_Directions for this task_
Quote word for word the lines below, beginning with the first and ending with the one that has "Vintage Poster of". Drop the pictures.

_Record set_

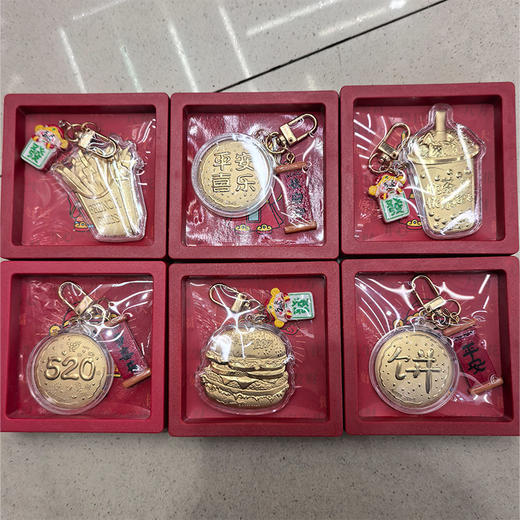 好运食物系列挂件金箔挂件-纪念日百货门店同款169645082 商品图0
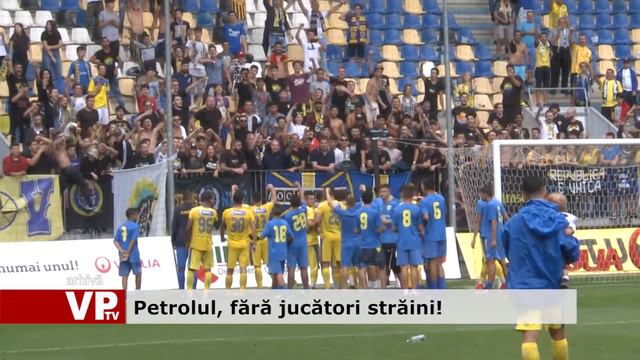 Petrolul, fără jucători străini! смотреть онлайн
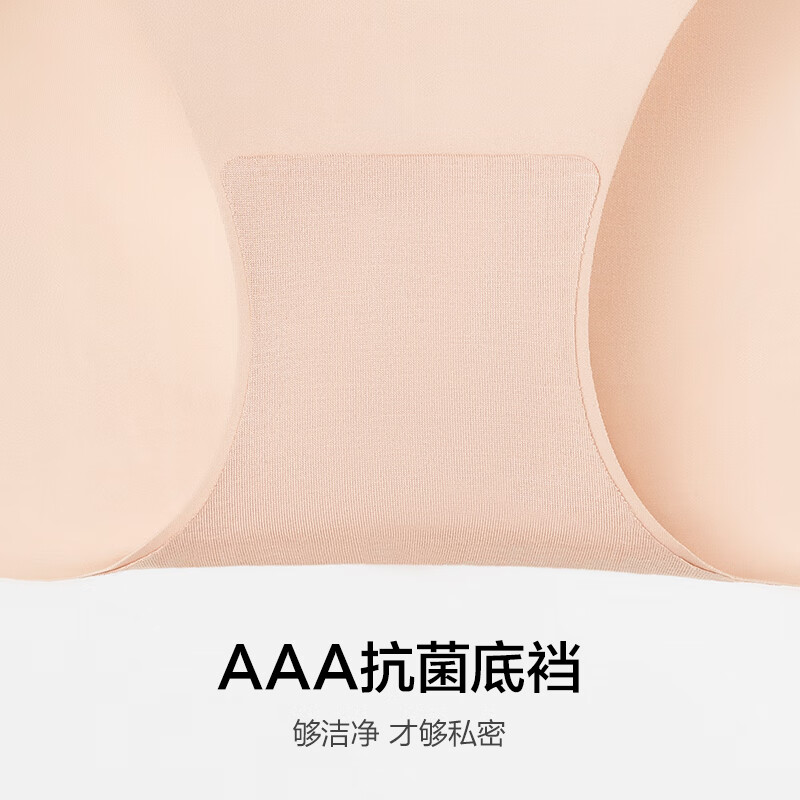 商品图片 4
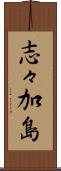 志々加島 Scroll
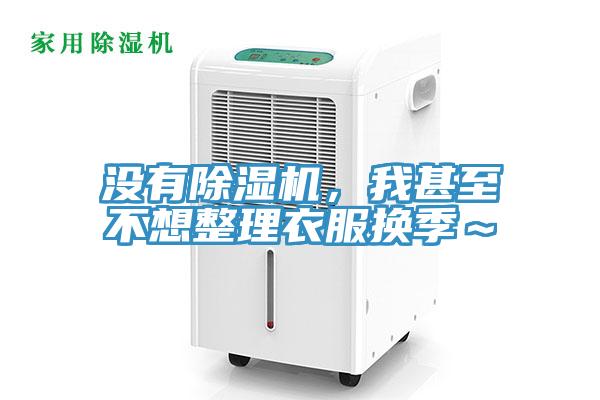 沒(méi)有除濕機，我甚至不想整理衣服換季～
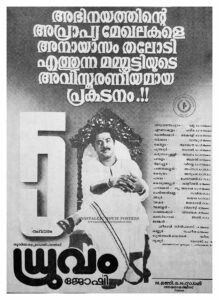Vintage Poster of Malayalam Movie “Dhruvam” released in Kerala on January 27, 1993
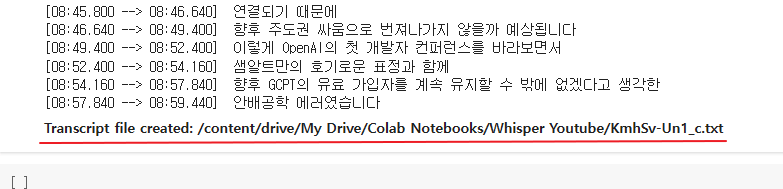 유튜브 스크립트(자막) 대본 추출 방법 7가지(2024년) - undefined - 7. 자막이 없을 경우 스크립트 추출하는 방법 유튜브 스크립트(자막) 대본 추출 방법 7가지(2024년) - undefined - 7. 자막이 없을 경우 스크립트 추출하는 방법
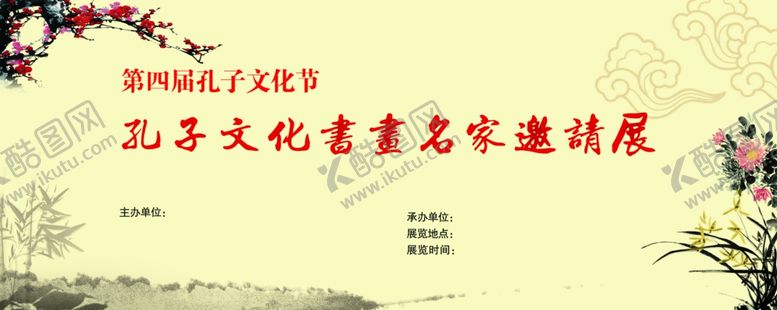 编号：56505410030440063921【酷图网】源文件下载-文化节海报素材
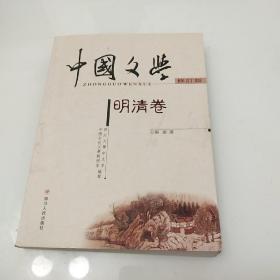 中国文学 （全四卷）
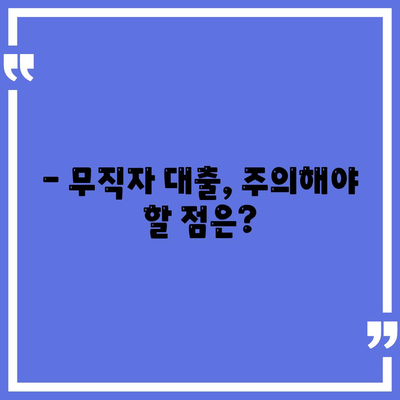 무직자대출 쉽게 승인 받는 꿀팁 | 무직자, 대출, 승인, 비결, 방법, 가이드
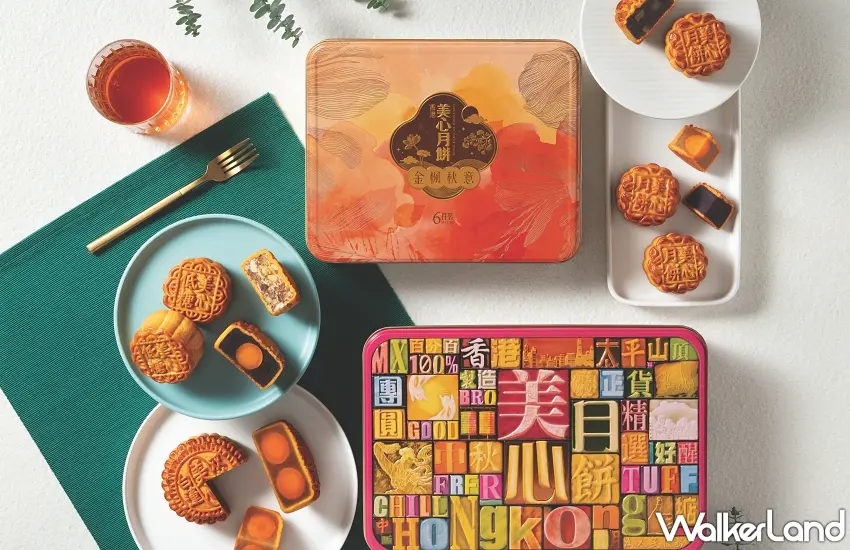 ▲多元豐富的中秋禮盒系列,滿足消費者佳節送禮與自用的各種品味需求。 圖/香港美心提供;窩客島編輯李維唐整理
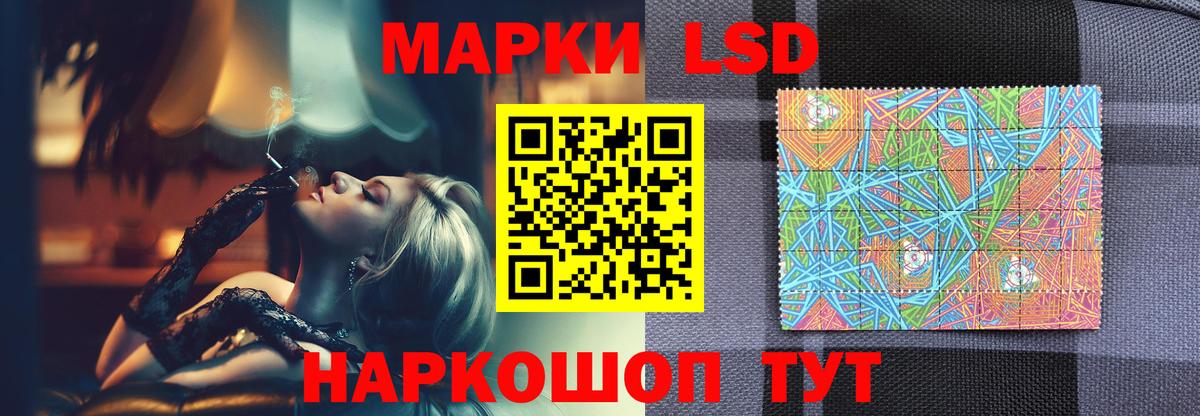 Красногорск  Лсд 25 экстази  Вход с VPN  кракен ONION  LSD-25 экстази кислота  LSD-25 экстази кислота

_Expected output_
 好运食物系列挂件金箔挂件-纪念日百货门店同款169645082 商品图0
 Petrolul, fără jucători străini! смотреть онлайн
 商品图片 4
 志々加島 Scroll
 沒(méi)有除濕機，我甚至不想整理衣服換季～
Vintage Poster of Malayalam Movie “Dhruvam” released in Kerala on January 27, 1993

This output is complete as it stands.